I was worried about his anger, or that he would relapse, or be too stressed out or my actions would cause something bad to happen. It was his turn to learn to deal with the reality of our existence instead of us having to shrink because of the reality of .” His mother had been an alcoholic and it had stunted his life. “Run” was the best advice I received and it’s the advice I would give my daughter if she ever got involved with an addict. When I finally left my husband, I was only able to do so after taking weeks to compose a list of facts.
The reason this advice hurt so much at the time was that it would have forced me to see my part in things. At my office, I began to put together a black and white list of the things in our relationship that I could not accept.
This is pertinent to me ( day 15 ) but this isn't about me. I admit that I've chosen this path for less than noble reasons.
Say he/she has a stable job, nice house, nice personality as far as you can tell, would this make any difference. Brutal honesty in real life vs online dating sites. Especially online since one wrong thing said can put you on the not to be considered list, and being an alcoholic is a biggie to most people for sure.
There will always be another excuse, another mistake, another relapse, another addiction or anger about a parent’s addiction that they need their lifetime and yours to get over. When my husband first relapsed after his mother died, my well-meaning Christian father told me to “just love him.” But that’s the problem with the addict; the more you love, the more they take of you and everything else, until there’s nothing left to give. While most other people tried to be polite, or pray for me, their comments seemed to gently gloss over what was actually happening. I can do better.” Instead, I stayed, w—a—y too long. Both the addict and the co-dependent will do anything to hide their sense of inadequacy.
I realized over the years I had become less of myself. When someone doesn’t fit into the perceived notion of what an addict is, it’s hard for people to know what to say. There is nobody that tries harder at being “normal” than an alcoholic and his/her family.
Like one who lives in deceit, I stone myself and call for help Your wound grows and grows It slits my throat from vein to vein. There are hundreds of stories and resources for addicts.

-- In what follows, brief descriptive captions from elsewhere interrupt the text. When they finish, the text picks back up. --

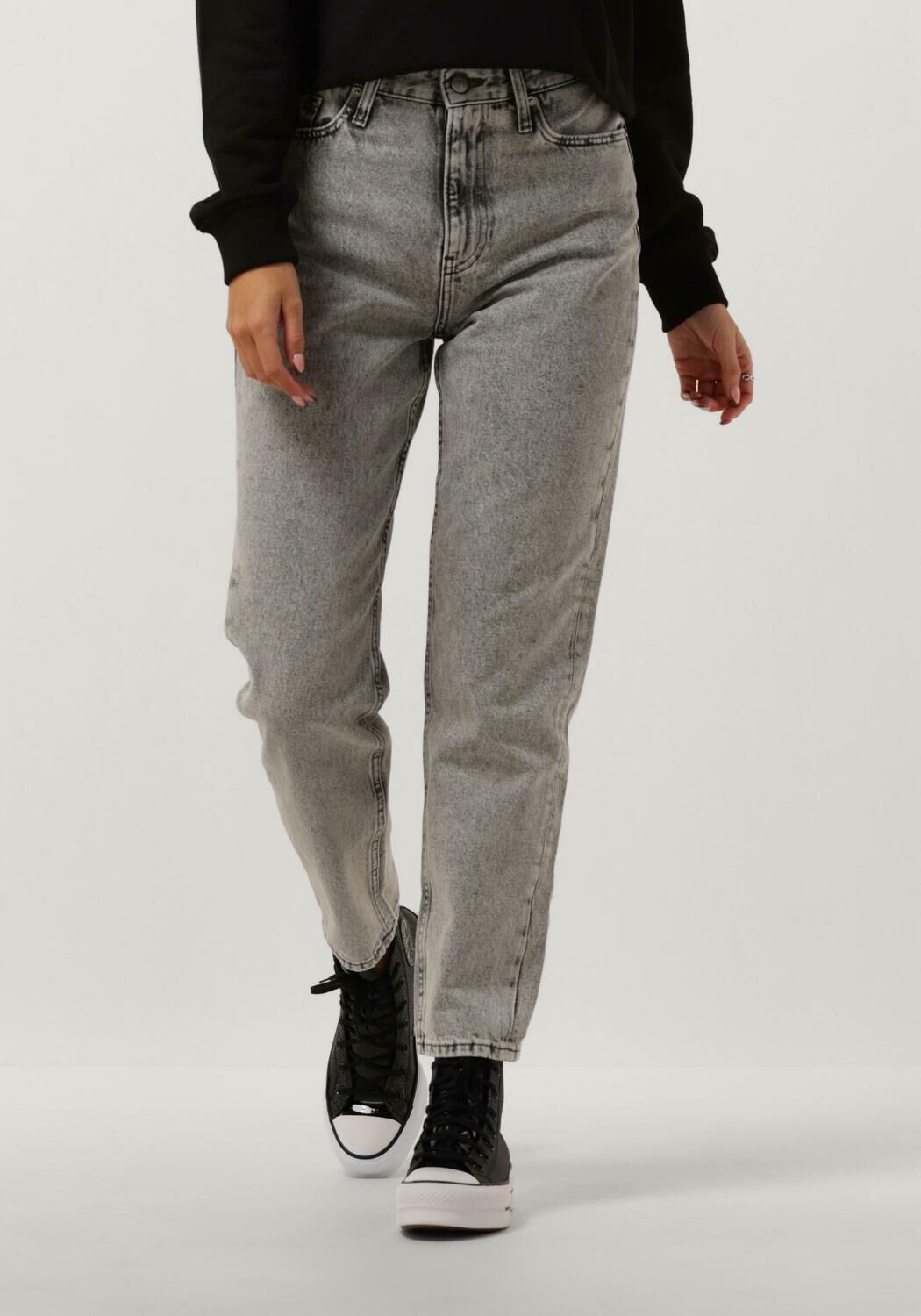 CALVIN KLEIN Mom jeans MOM JEAN en gris Omoda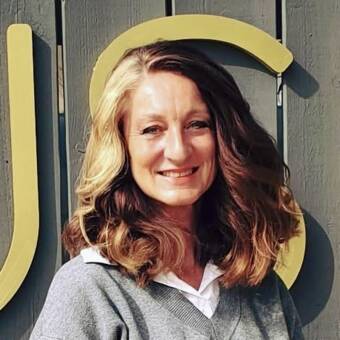 Deborah Gill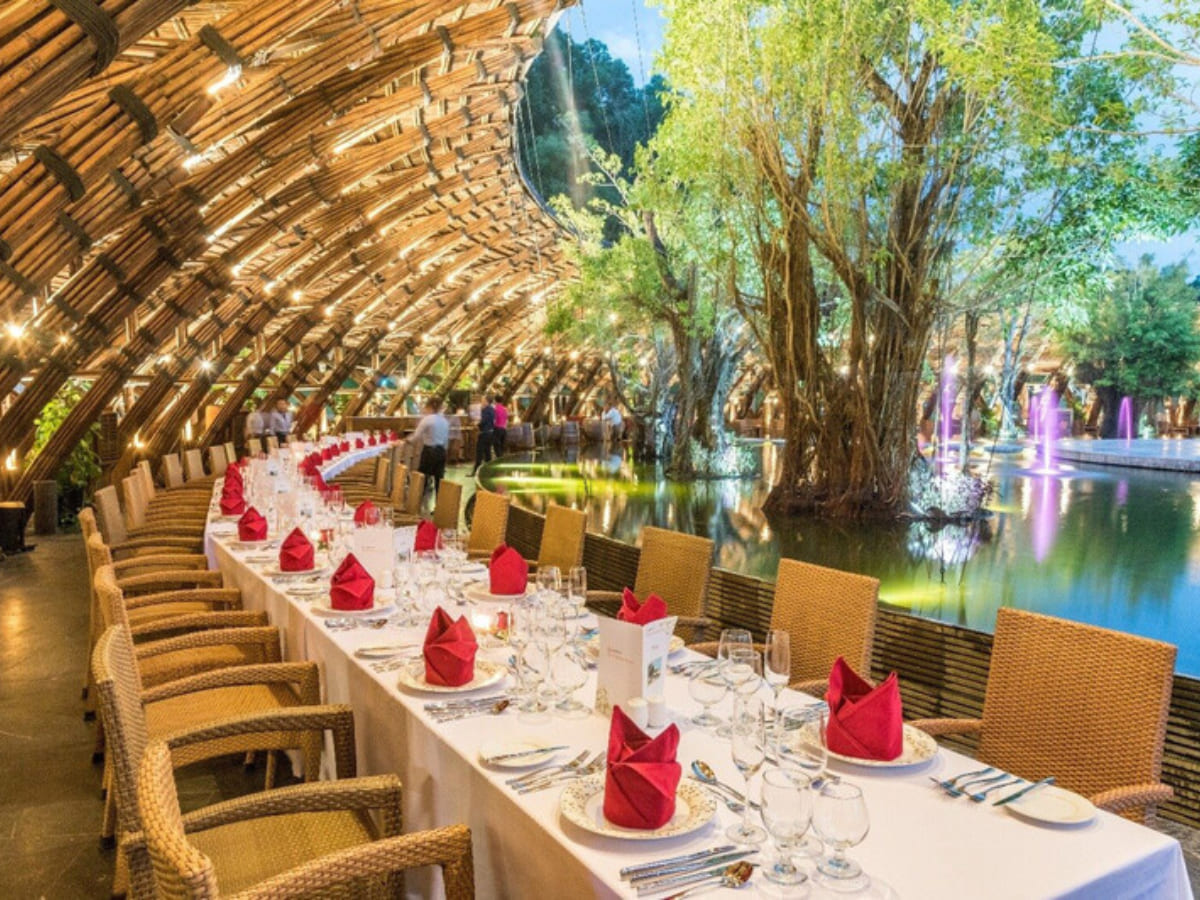 Nhà hàng ăn tại Đại Lải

I put sand in you wound, I put in your wound a giant, and around myself I light the fire. It often seems it’s the families of addicts who are forgotten and who largely suffer in silence. So much in fact that I belittled myself by staying with one for seven years. Four years later, when I found out about my husband’s relapse, I thought about this friend and the courage it took him to say this and acknowledge . We go to great lengths to avoid the subject altogether.
After four and half pages of undeniable facts, I realized that there was no longer any question of whether or not I could stay with him. When you live with an addict, you are never quite certain about reality. By writing down the facts as they happened, he could not come back to me later with his own version of the truth.Most counselors will counsel you against getting involved in a relationship (or making any major life decisions) so early on in your sobriety.You need to be thinking about the adjustments YOU need in YOUR life while you're learning how not to spend time drinking.After dating one dud after another, you finally find someone who seems to have it all – thoughtful, witty, responsible – and good-looking to boot.Then they drop a bomb: “I used to be a drug addict.” They may as well have said, “I’m married.” But does one partner being in recovery automatically spell doom for a relationship?Some are deeply spiritual people whose lives are infused with meaning and purpose, while others volunteer in their communities or have interesting hobbies that keep them grounded.